Why Your Startup Needs Automated Test


Let me tell you a quick story about a common situation.

A Developer walks into the office and instantly notices that something isn’t right. His spider senses are going off. The room is electric, there’s a panicked look on a co-works’ face, as they types furiously. The two people in Customer Support look like they’ve been hit by a bus. He pulls out his phone, checking his email expecting the worse. It’s flooded with email. There was a software patch last night but the manual test team didn’t find any critical issues. “What is going on?”, they think.

Is Testing Top Of Mind?

If you’re like most startups you probably have so much going on that testing falls through the cracks. Things like getting more customers, creating new features, or trying to get a mention in ‘XYZ’ site stay on top of the list. Testing normally takes a back seat.

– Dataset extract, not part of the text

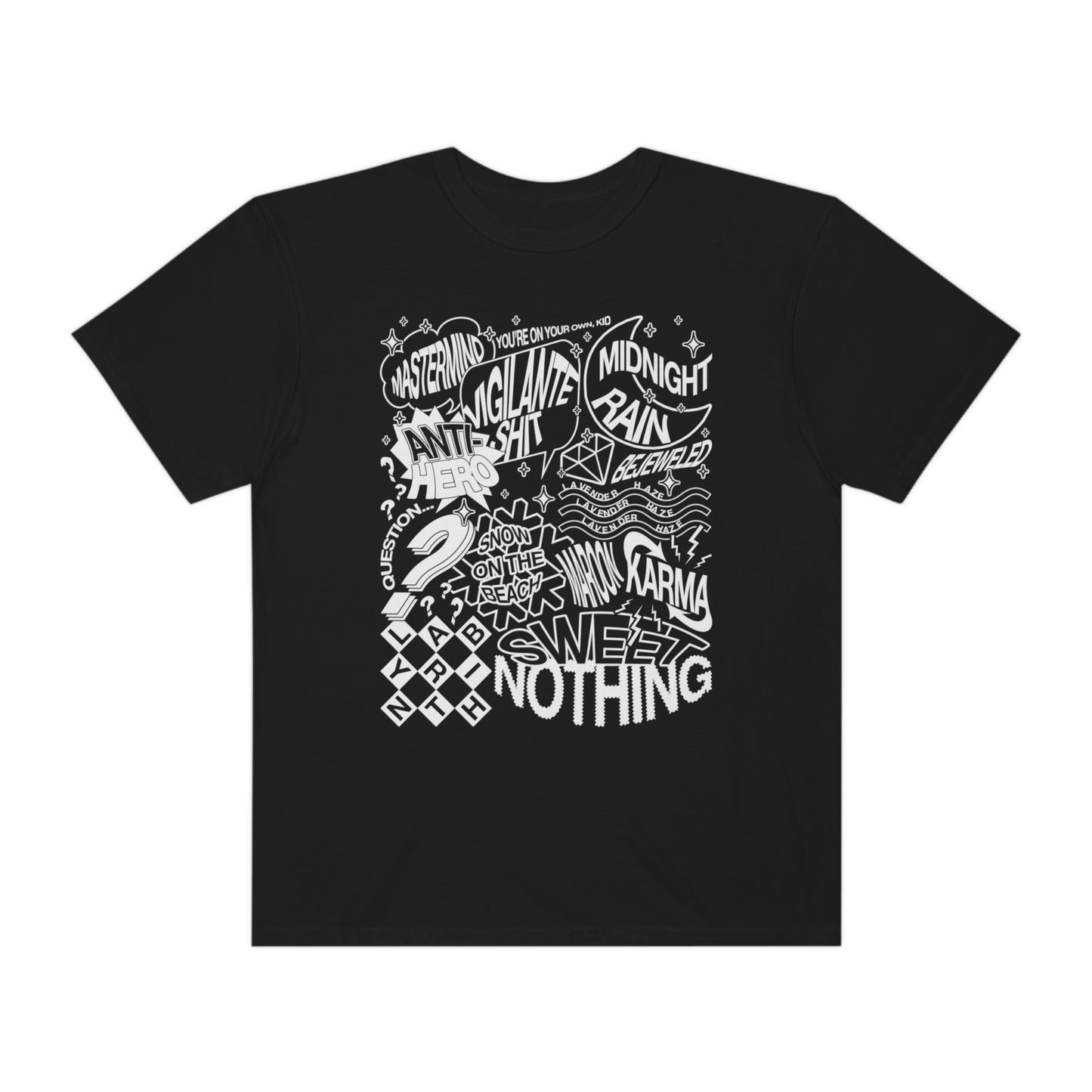 Midnights TS Inspired Shirt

Finding bugs before your customers do should also be a priority. Why drive customers to buggy software? That’s a quick way to lose their confidence.

There are many different ways to go about testing software, here’s some reason why your startup should consider automated testing.

Regression

It’s important that the system works together as in integrated whole. Don’t sprint backwards! There’s times when recently checked in code breaks another area of the system. Its pretty much inevitable.

You hear that Mr. Anderson?… That is the sound of inevitability… –Agent Smith, The Matrix

Yes, you might have developers do code reviews, and write unit test. You might even have manual offshore teams regress the system.

Still It’s near impossible to beat the efficiency of automated robots running regression test mercilessly, on multiple instances of your application. To boot they’ll even try different user environments all without needing to eat, poop, or sleep.

Plus this “automation horde” can be triggered to run whenever you want. During every build, at the end of every sprint, or every release, nightly, hourly, or just every blue moon. Regression builds confidence in your system.

Exact Requirements

Unlike humans, computers don’t tend to lie. Well, not yet anyways!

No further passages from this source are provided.